Nell’utilitarismo si cerca di massimizzare il
bene minimizzando il male, circostanza che conduce alla possibile scelta tra un
male maggiore e un male minore, per tale via si giunge a giustificare possibili
restrizioni considerando gli effetti negativi a lungo termine nonostante i
possibili immediati benefici.
L’assolutismo
viene a porsi come limitazione al ragionamento utilitarista introducendo il
concetto di “soglia” entro la quale è
proibita l’azione dannosa, le restrizioni assolutiste che si risolvono in
divieti morali traslati in atti giuridici vengono da Nagel individuati in due tipi: “restrizioni sulla classe di persone a cui l’aggressione e la violenza
possono essere dirette, e restrizioni sul modo dell’attacco” (108, T. Nagel,
Guerra e massacro, in Questioni mortali, Il Saggiatore 2015), esse rapportano
in funzione della persona verso cui è diretta l’azione aggressiva in termini
adeguati allo scopo, il negare l’umanità della persona, non distinguendola dal
combattente, si pone pertanto oltre l’utilitarismo stesso, si ha quindi un
crimine di guerra.
Nel limitare
in termini assolutisti gli obiettivi legittimi e il carattere dell’ostilità
stessa, si pongono alcuni problemi, il primo
dei quali è la linea di distinzione tra combattenti e non combattenti, il secondo è la formulazione del concetto
di “innocente”.
Nel primo caso la distinzione avviene sulla capacità immediata di
minaccia o nocività fondata sull’uso delle armi, circostanza che allarga il
concetto di combattente a coloro che provvedono a produrre e fornire le armi
stesse.
Il secondo problema viene
quale conseguenza a interpretarsi in senso opposto, come colui che è “dannoso”,
individuando l’innocenza nell’essere innocuo e la colpevolezza nella dannosità.

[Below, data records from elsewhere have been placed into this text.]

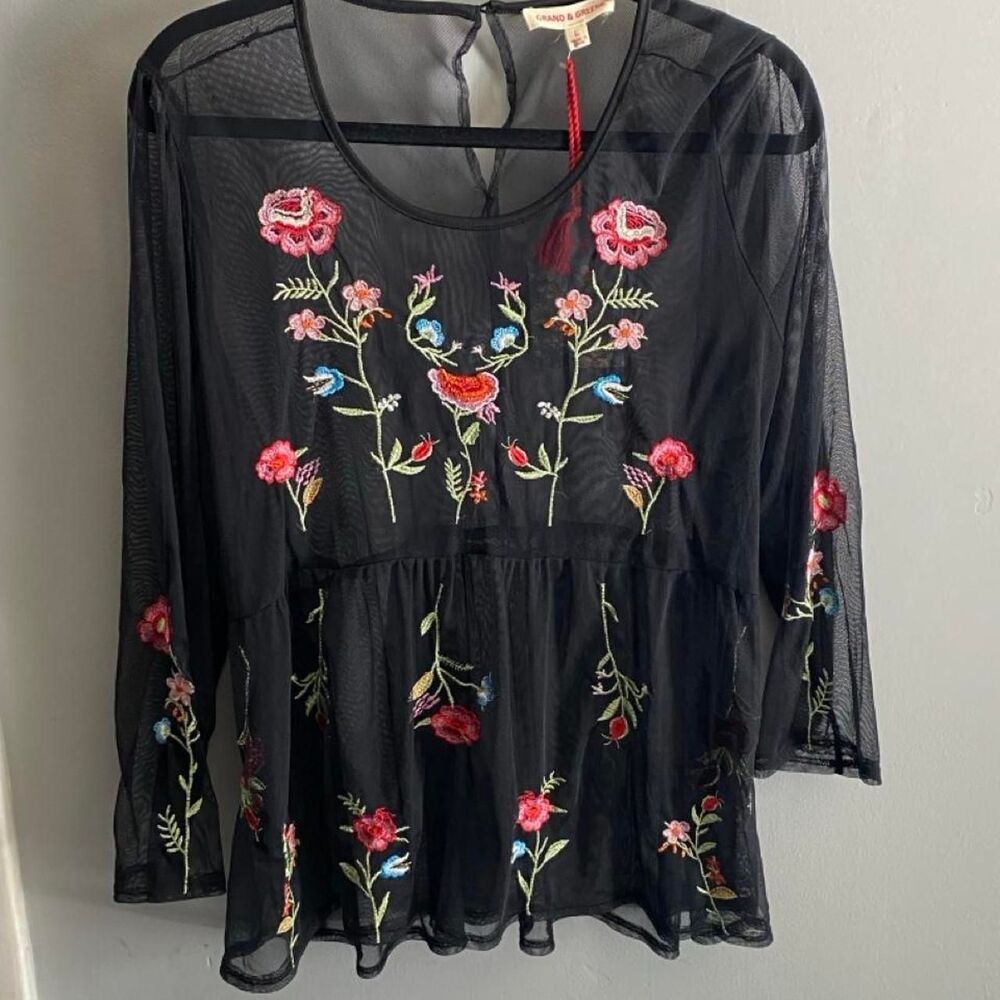 Unbranded Women's multi Blouse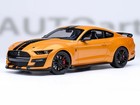 AUTOart Ford Mustang Shelby GT500 Cyber Orange 1:18 73099
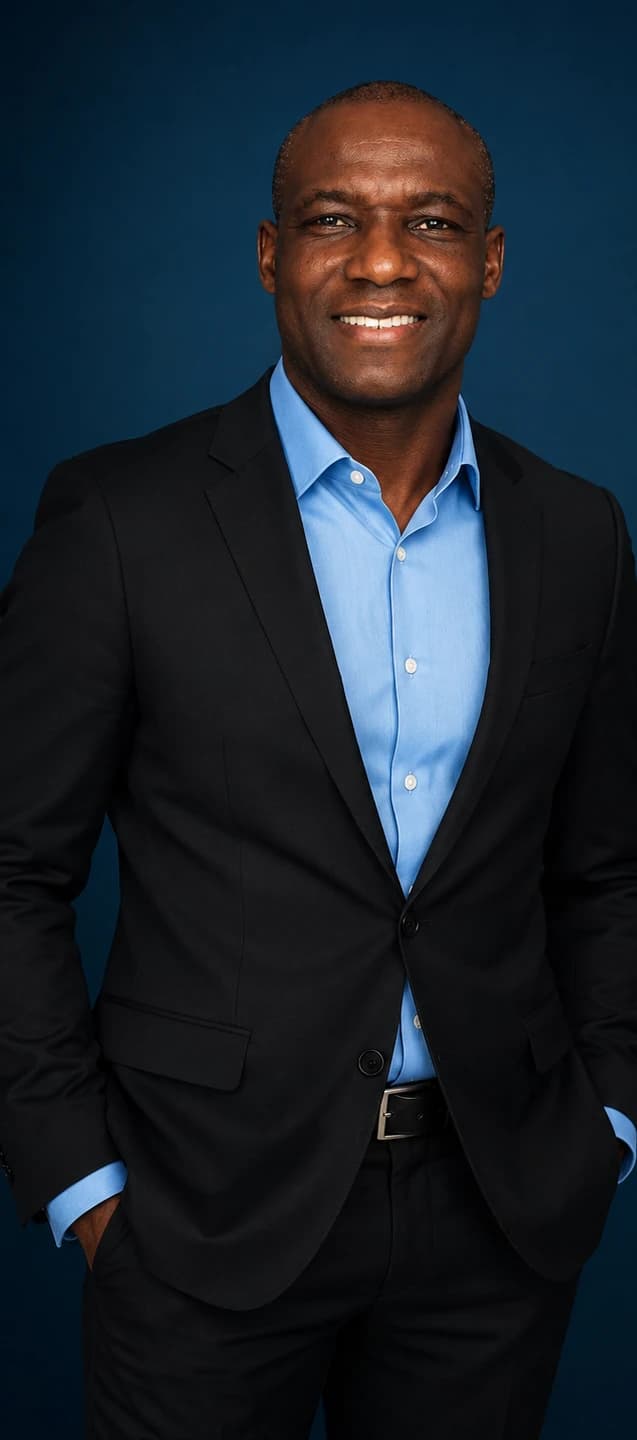 Portrait de Kone Segba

Si deduce un ulteriore distinzione
tra l’agire per armare il combattente e l’agire per “la sua esistenza in quanto essere umano” (118, Nagel), in questo vi è il tentativo ultimo di limitare moralmente e
quindi giuridicamente l’uso della violenza bellica uscendo dalla sua
ideologizzazione sia laica che religiosa.
Osserva Ritter, “Uomo di Stato nel senso più alto è soltanto colui nel quale la
consapevolezza della sua indiscutibile responsabilità non può essere turbata
dalla volontà di potenza né da un trionfo o da una sconfitta nella lotta per il
potere: responsabilità che riguarda la creazione, la conservazione e il
consolidamento di un ordine sociale autentico e quindi durevole. E’ propria del
pensiero dell’uomo di Stato, perciò, anche la consapevolezza del carattere
eccezionale della situazione di lotta
e quindi dei limiti da imporre alla lotta, il cui superamento conduce alla distruzione di valori morali permanenti
e non più ricostituibili, e quindi alla disumanizzazione degli stessi combattenti”.
L’ ordine deve tendere nel limitare
la lotta, se non a una “società che viene
sentita come vera società morale, non come
mera società imposta”, essendo la giusta ragione di Stato una ragione
morale in cui necessita, accanto alla conoscenza della realtà e alla visione
politica, una precisa consapevolezza della responsabilità morale, così che si
superi “l’insolubile antinomia tra lotta
per il potere e ordine pacifico”
e il potere riceve la sua giustificazione morale (12-13, G. Ritter, Introduzione in I militari e la
politica nella Germania moderna, Vol. 1, G. Einaudi Ed., 1967).